Checkpoint pain often looks like a ghost in the latency graph.
Every so often, writes slow down, query latency climbs, then everything recovers. No deploy. No obvious slow query. CPU may look fine. The missing piece is often that Postgres is flushing dirty pages harder than your storage can absorb comfortably.
Checkpoint tuning is not about eliminating writes. It is about making them predictable.
The real pain is periodic latency nobody owns
Users do not care that the spike came from checkpoint behavior. They care that the app feels randomly slow. Your job is to connect latency spikes to checkpoint timing, WAL volume, write pressure, and storage capacity.
Once the pattern is proven, the fix is usually smoothing: larger WAL budget, sane checkpoint timing, and enough I/O headroom for the workload.
What is actually happening
Postgres does not write your data to disk at the moment of COMMIT. It writes the WAL record (write-ahead log), and the actual table page sits in shared_buffers waiting to be flushed. A checkpoint is the periodic event where Postgres says, "OK, time to actually flush dirty pages from shared_buffers to disk so I do not have to keep them in WAL forever."
When a checkpoint kicks in, it does a burst of disk writes. On default settings, that burst can be enough to saturate your I/O for tens of seconds. Concurrent writes from the application have to wait. Latency climbs. Then the checkpoint finishes, latency returns to normal.

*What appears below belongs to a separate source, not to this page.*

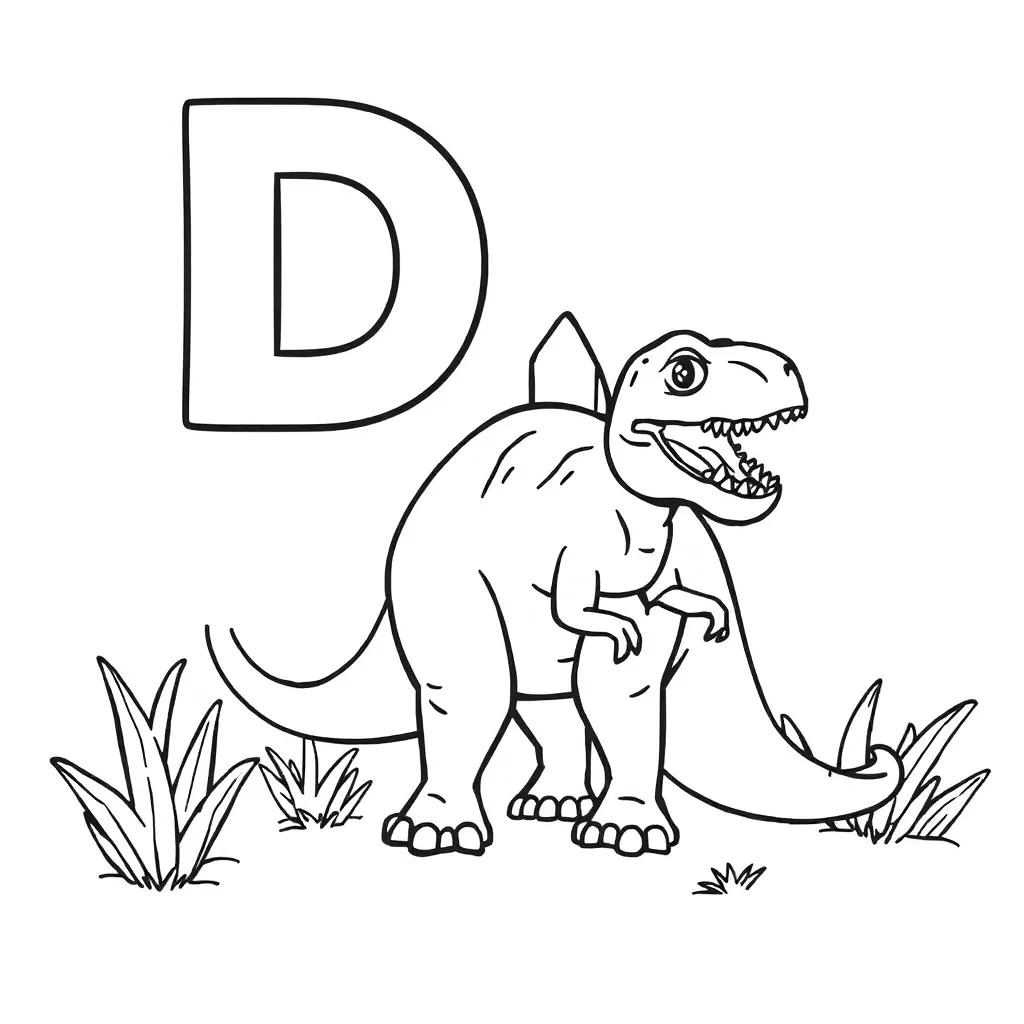 D Is For Dinosaur Coloring Page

This is a default-settings problem. Postgres ships configured for a small workload. A serious production database needs different defaults.
The four settings that matter
checkpoint_timeout — how often a checkpoint runs by time. Default is 5 minutes. For a busy database, 15 to 30 minutes is more reasonable. Longer means each checkpoint flushes more pages, but it also means fewer checkpoints, less overall write amplification, and better cache hit rates between checkpoints.
max_wal_size — soft cap on WAL accumulated between checkpoints. Default is 1GB, which is comically low for any database doing real writes. A modern busy database wants 8GB to 64GB. The bigger this is, the less likely a checkpoint is forced by WAL pressure rather than by time.
checkpoint_completion_target — how much of the checkpoint interval to spread the writes across. Default is 0.9. Leave it. Older guides talk about tuning this; modern Postgres handles it well by default.
bgwriter_lru_maxpages and bgwriter_delay — the background writer flushes a small number of dirty pages continuously, smoothing out the work the checkpoint has to do. Bumping bgwriter_lru_maxpages from the default 100 to 500 or 1000 means more pages flushed continuously, less to flush at checkpoint time.
The shape I usually settle on
For a busy production database (RDS or self-managed, doesn't matter):
ALTER SYSTEM SET checkpoint_timeout = '15min';
ALTER SYSTEM SET max_wal_size = '16GB';
ALTER SYSTEM SET checkpoint_completion_target = 0.9;
ALTER SYSTEM SET bgwriter_lru_maxpages = 500;
ALTER SYSTEM SET bgwriter_delay = '20ms';
SELECT pg_reload_conf();
These are starting points. The exact values depend on workload.
How to know if you are checkpoint-bound
The single most useful query:
SELECT * FROM pg_stat_bgwriter;
Look at:
checkpoints_timedvscheckpoints_req: the first is checkpoints triggered bycheckpoint_timeout, the second bymax_wal_size. Ifcheckpoints_reqis more than 10% of total, yourmax_wal_sizeis too low — checkpoints are being forced by WAL pressure.buffers_checkpoint: pages written by checkpoints. Compare tobuffers_clean(background writer) andbuffers_backend(writes done synchronously by the queries themselves). Ifbuffers_backendis the dominant number, the application is doing the work the bgwriter and checkpointer should be doing — that is bad.checkpoint_write_timeandcheckpoint_sync_time: how long the average checkpoint spent writing and syncing. If sync time is large, your underlying disk is the bottleneck.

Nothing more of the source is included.